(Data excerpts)
##############################
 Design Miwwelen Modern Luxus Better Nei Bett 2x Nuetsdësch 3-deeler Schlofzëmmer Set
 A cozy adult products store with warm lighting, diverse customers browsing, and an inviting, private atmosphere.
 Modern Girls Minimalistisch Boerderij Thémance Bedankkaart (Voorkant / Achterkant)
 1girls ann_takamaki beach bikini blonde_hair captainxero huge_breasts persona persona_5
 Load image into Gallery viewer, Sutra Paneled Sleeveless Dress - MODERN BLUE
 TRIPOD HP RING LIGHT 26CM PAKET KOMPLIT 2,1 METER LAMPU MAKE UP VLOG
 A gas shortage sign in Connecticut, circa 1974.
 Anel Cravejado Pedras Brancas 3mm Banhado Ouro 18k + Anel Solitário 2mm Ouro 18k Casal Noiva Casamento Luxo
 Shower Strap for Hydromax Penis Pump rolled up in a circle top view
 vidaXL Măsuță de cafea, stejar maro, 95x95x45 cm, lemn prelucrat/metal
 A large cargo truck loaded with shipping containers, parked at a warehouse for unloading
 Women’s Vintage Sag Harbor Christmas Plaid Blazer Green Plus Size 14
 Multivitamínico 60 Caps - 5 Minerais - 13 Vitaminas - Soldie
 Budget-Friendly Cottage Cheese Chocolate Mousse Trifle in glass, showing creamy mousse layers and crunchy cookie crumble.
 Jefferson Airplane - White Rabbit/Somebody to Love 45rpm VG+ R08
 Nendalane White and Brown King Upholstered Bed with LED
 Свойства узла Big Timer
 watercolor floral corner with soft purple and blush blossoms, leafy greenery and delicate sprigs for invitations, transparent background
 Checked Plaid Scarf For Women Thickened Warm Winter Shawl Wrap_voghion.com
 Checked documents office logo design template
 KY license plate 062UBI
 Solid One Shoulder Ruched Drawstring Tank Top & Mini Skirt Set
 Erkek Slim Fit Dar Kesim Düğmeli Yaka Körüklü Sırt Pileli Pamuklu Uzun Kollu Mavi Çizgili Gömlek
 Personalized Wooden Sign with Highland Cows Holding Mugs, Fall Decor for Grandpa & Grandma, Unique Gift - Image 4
##############################
[ABOUT THIS TASK] The expected result is every line above containing the string "Plaid".

[PROBLEM SOLUTION]
 Women’s Vintage Sag Harbor Christmas Plaid Blazer Green Plus Size 14
 Checked Plaid Scarf For Women Thickened Warm Winter Shawl Wrap_voghion.com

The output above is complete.